Pero su mujer estaba horrorizada: decía que el tipo era un perverso y que debía ser un violador. Él trató de calmarla: estaba cada vez más seguro de que no había nada que temer, y seguiría pensando así si no hubiera dado con el bibliorato.

Era uno de esos libracos de contabilidad encuadernados en tela que se usaban hace cincuenta años. Tenía cerca de mil páginas pautadas a dos columnas por una doble línea roja y estaba escrito con letras pequeñas pero con caligrafía muy clara, casi como letras de imprenta. En las primeras páginas los trazos en birome, que eran más leves, estaban desteñidos por el tiempo y a medida que se avanzaba hacia el final parecían más frescos y recientes.
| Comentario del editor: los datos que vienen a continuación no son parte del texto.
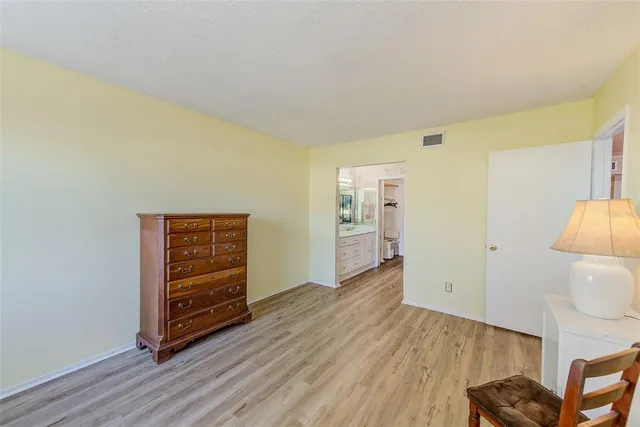 a bathroom with a shower and a bath tub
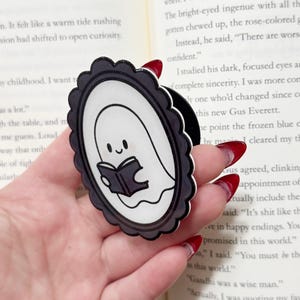May include: A black and white ghost-shaped phone grip with a smiling ghost reading a book. The grip has a scalloped border and is held in a hand, with a book in the background.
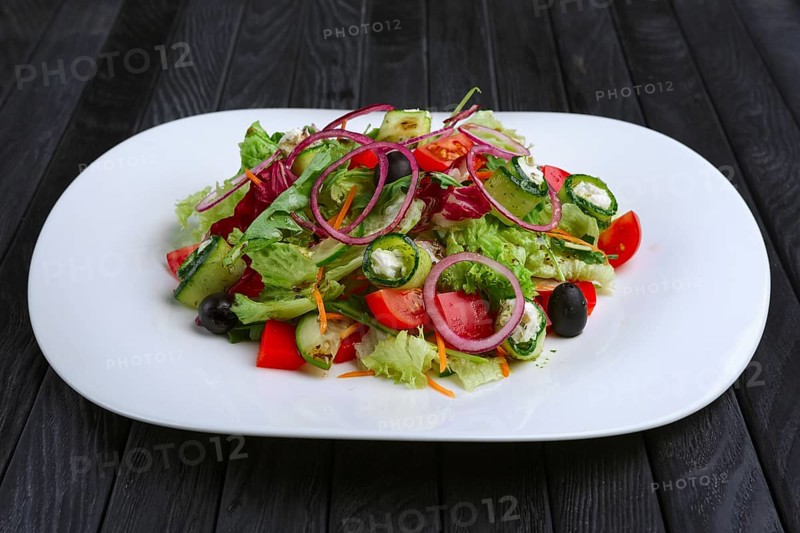 Salad with feta cheese rolled in cucumber slices with tomato and red onion
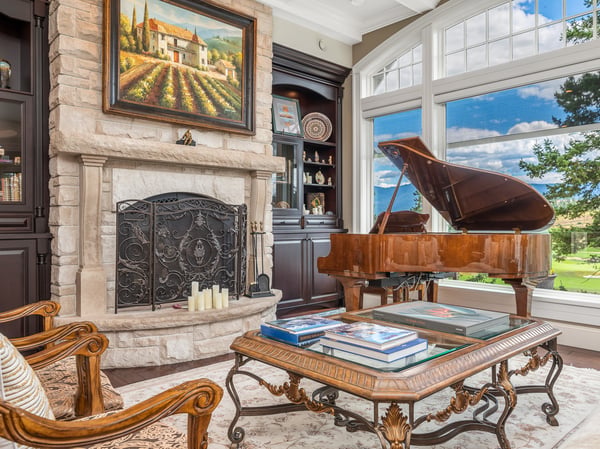 This inviting living space features a grand piano, stone fireplace, and picturesque window views of the outdoors.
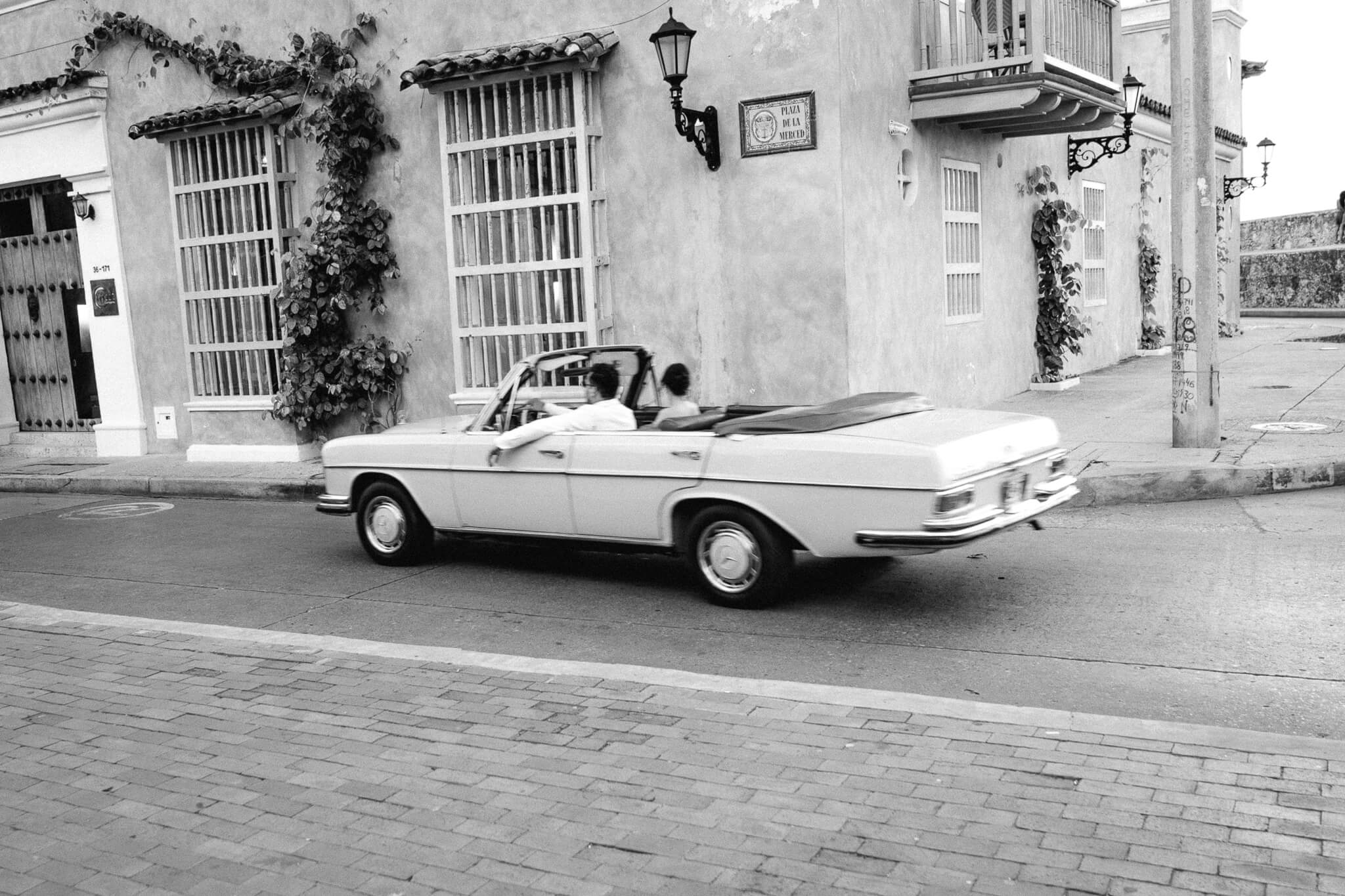  Cartagena wedding couple in a  vintage car traveling through the streets
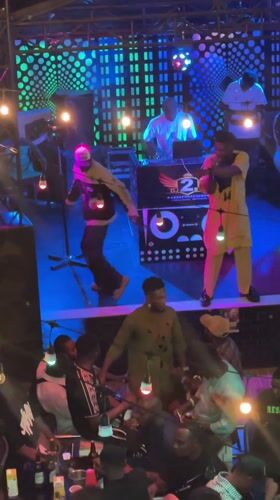 Nigerian club gathering and street scene documented in Obosi
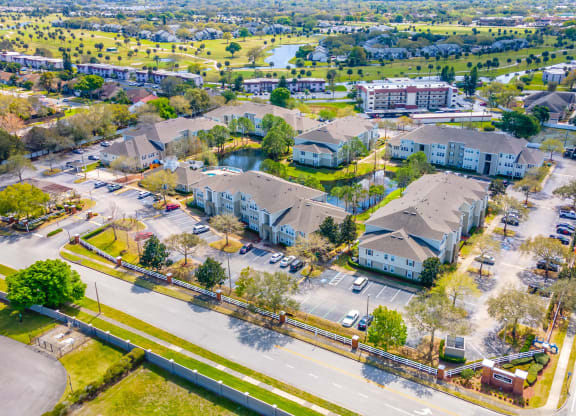 an aerial view of a neighborhood with houses and cars on the street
Calculaba que escribir eso con semejante caligrafía, sin borrones ni tachaduras, debió requerir un trabajo de años.

No, contaba: no era una novela. Una etiqueta escolar, pegada en el lomo del libraco decía "El Jardín de las Flores", lo que también a ellos los llevó a pensar que era el título de una novela.

Era una un colección de cartas. Al leer las primeras se pensaba que serían copias de correspondencia de otras personas. Cada carta venía encabezada con el nombre de una remitente y de la mujer a quien estaba dirigida. Eran todas cartas entre mujeres. Desde el comienzo se notaba que quienes escribían eran gente de edad, al menos, cincuentonas, alguna de ellas ya jubilada. Debían ser diez o doce mujeres que evocaban pequeñas historias de su infancia escolar. Al comienzo eran formales, se trataban de "señora", "querida señora" o "estimada señorita", y se centraban en los preparativos de un encuentro de ex-alumnas planificado para las vísperas de la siguiente Navidad.

El juez había leído a los saltos, junto a su mujer, decenas de cartas que gradualmente iban volviéndose más íntimas y confianzudas. Empezaban en febrero. Ya hacia abril todas las corresponsales se tuteaban y poco después se empezaban a poner procaces y descabelladas, contagiándose y provocando el mismo tono de unas a otras.